WHEREAS, the Buyer Parties now desire to purchase the Company from Seller and the Buyer Parties have formed 365 Holdco LLC, a Delaware limited liability company (“Buyer”), to facilitate such purchase (the “Transaction”).
WHEREAS, the Parties intend that a portion of the consideration to be received by the Buyer for the Transaction shall include the cancellation of the Seller Earn-Out Obligations (the “Earn-Out Cancellation”).
WHEREAS, as the Buyer Parties are the owners of the Buyer, each of the Buyer and the Buyer Parties is benefitting from the Earn-Out Cancellation.
NOW, THEREFORE, in consideration of the foregoing and the mutual agreements, provisions and covenants contained in this Agreement, and for other good and valuable consideration, the receipt and sufficiency of which are hereby acknowledged, the undersigned hereby agree as follows:
a. The Seller and the Buyer Parties agree and acknowledge that, solely for the purposes of entering into the Transaction, the amount owed under the Seller Earn-Out Obligations is $2,283,806.42. To the extent that Seller owes any of the Buyer Parties any amounts (the “Earn-Out Amounts”) under Section 2.04 of the 2021 SPA pursuant to the Seller Earn-Out Obligations, the Parties hereby agree and acknowledge that (i) the Seller Earn-Out Obligations are hereby cancelled in their entirety, (ii) Seller does not owe any of the Buyer Parties any of the Earn-Out Amounts, and (c) the Earn-Out Cancellation is supported by valid, sufficient, and adequate consideration. In the event that the Transaction is not consummated for any reason, neither the determination of the Earn-Out Amount nor the Earn-Out Cancellation granted herein shall be binding on the Parties.
b.

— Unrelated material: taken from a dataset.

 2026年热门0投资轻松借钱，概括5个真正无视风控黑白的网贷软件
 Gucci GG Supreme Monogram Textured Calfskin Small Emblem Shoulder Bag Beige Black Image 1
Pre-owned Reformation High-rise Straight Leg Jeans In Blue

The Parties hereby agree and acknowledge that Seller has fully satisfied any obligations under Section 2.06 of the 2021 SPA and that none of the Buyer Parties are owed any remaining amounts under such section.
c. Each of the Buyer Parties here acknowledges and agrees that (i) each of the Buyer and the Buyer Parties is benefitting from the Earn-Out Cancellation; and (ii) the Earn-Out Cancellation is good, valid, and sufficient consideration for the Transaction.

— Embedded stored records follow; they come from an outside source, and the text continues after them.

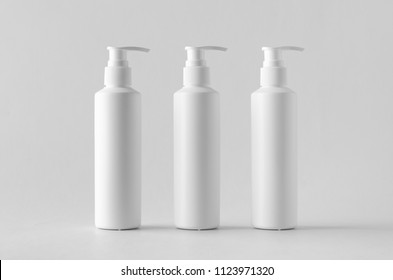 White Cosmetic Shampoo Dispenser Bottle Mock-up.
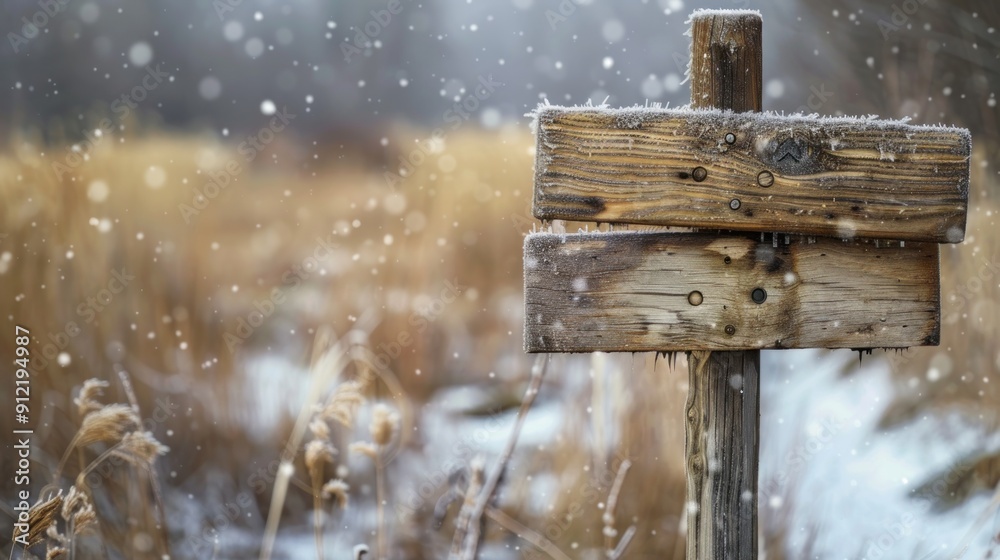 Naklejka premium Wooden Signpost in a Snowy Field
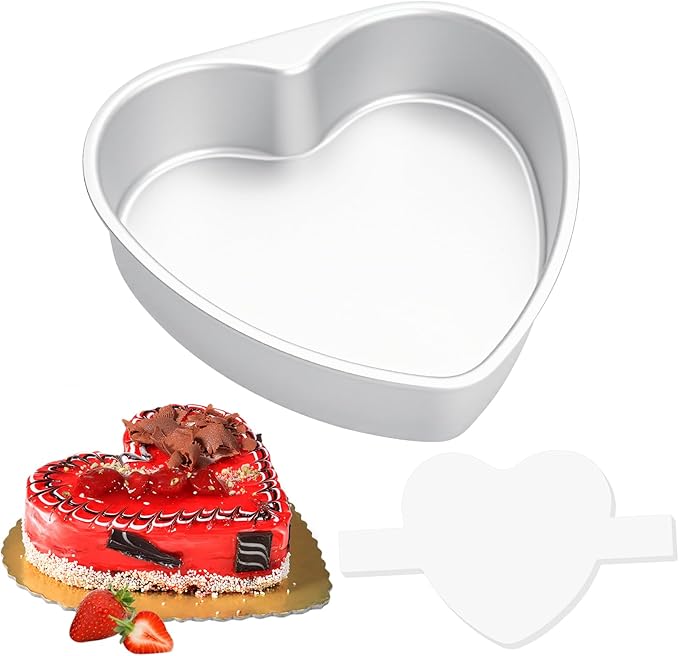 6 Inch Heart Shaped Cake Pan with 50 Pieces Parchment Paper,Non-stick Aluminum Heart Cake Pan Baking Tin for Birthday Wedding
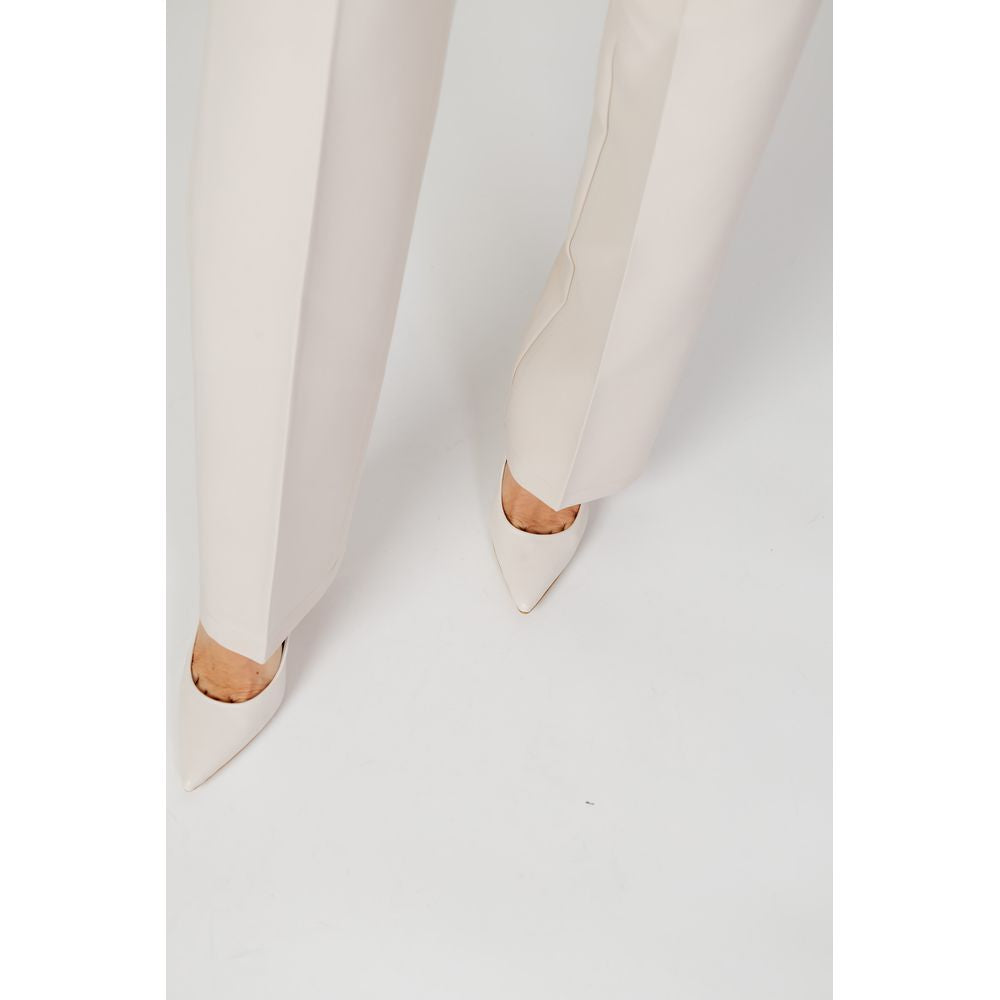 Hanny Deep Beige Elastane Casual Pants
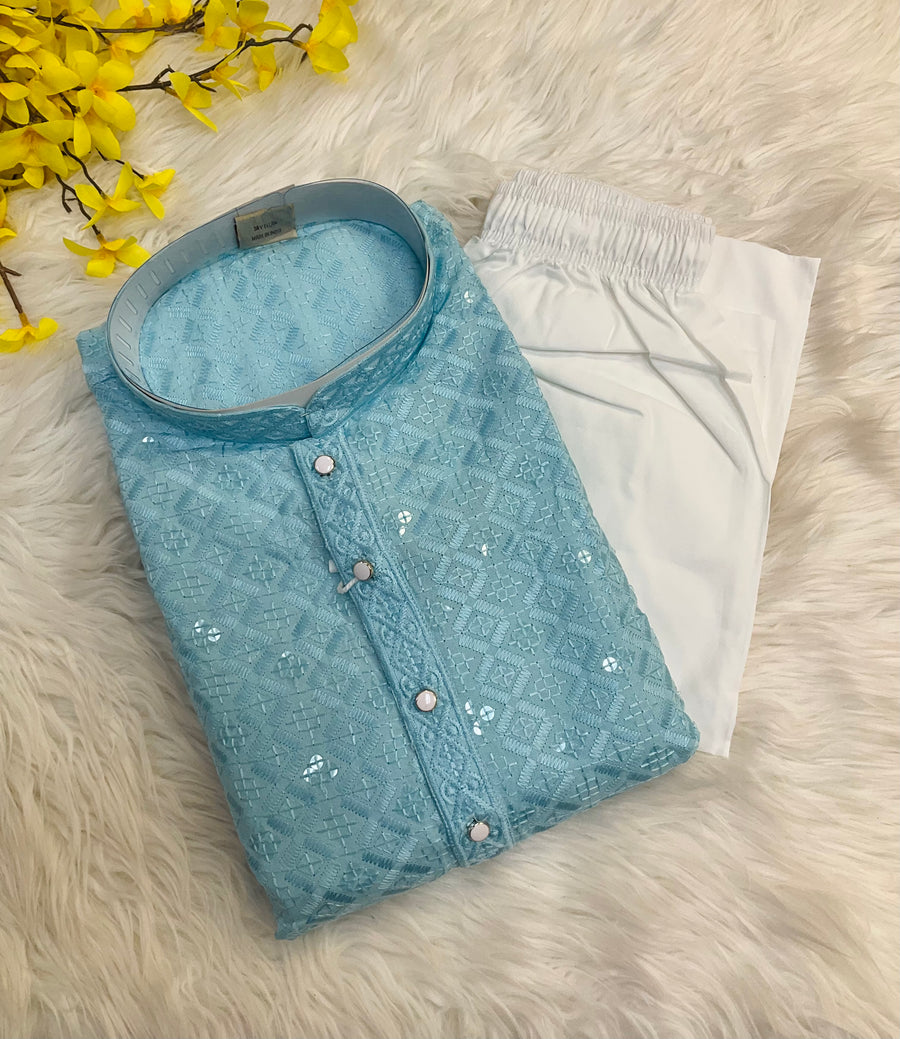 Plus Size Blue  Rayon Chikankari Men’s wear Kurta set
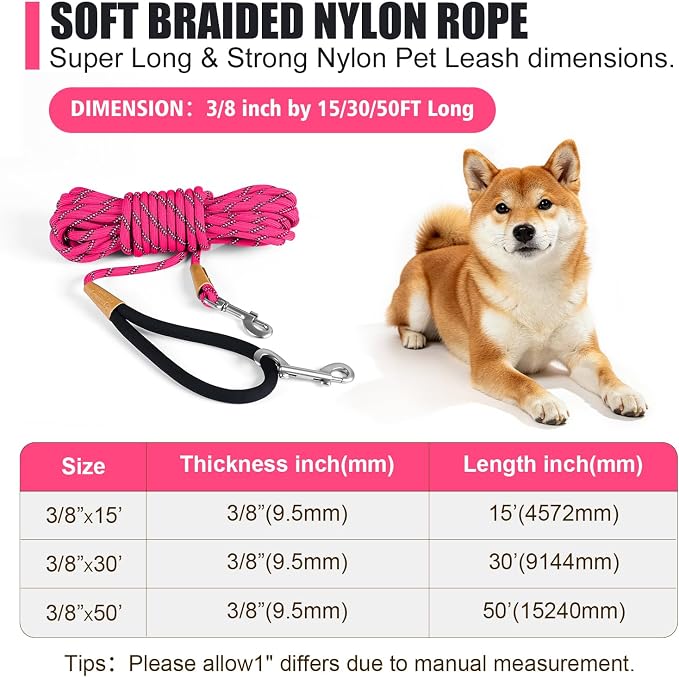lynxking Long Dog Leash Reflective 15FT 30FT 50FT Check Cord Dog Training Leash Padded Handle Heavy Duty Puppy Rope for Small Medium Large Dog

d. The Seller hereby acknowledges and agrees that the provisions of Section 6.08 of the 2021 SPA are hereby cancelled in their entirety.

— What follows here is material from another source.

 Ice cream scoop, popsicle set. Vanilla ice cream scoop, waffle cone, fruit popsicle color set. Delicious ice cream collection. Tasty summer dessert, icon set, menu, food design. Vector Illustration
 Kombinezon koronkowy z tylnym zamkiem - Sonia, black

2. Buyer Party Release. As partial consideration for the Earn-Out Cancellation, each Buyer Party hereby irrevocably releases and discharges Seller and its predecessors, successors, and assigns, and each of their respective past, present, and future stockholders, officers, directors, employees, affiliates, and representatives from any and all claims, contingent or otherwise, that such Buyer Party has or had or could have asserted at any time prior to the date hereof with respect to the 2021 SPA or any other documents or agreements entered into in connection therewith.
3. Seller Release. As partial consideration for the Earn-Out Cancellation, the Seller hereby irrevocably releases and discharges each Buyer Party and its predecessors, successors, and assigns, and each of their respective past, present, and future stockholders, officers, directors, employees, affiliates, and representatives from any and all claims, contingent or otherwise, that the Seller has or had or could have asserted at any time prior to the date hereof with respect to the 2021 SPA or any other documents or agreements entered into in connection therewith.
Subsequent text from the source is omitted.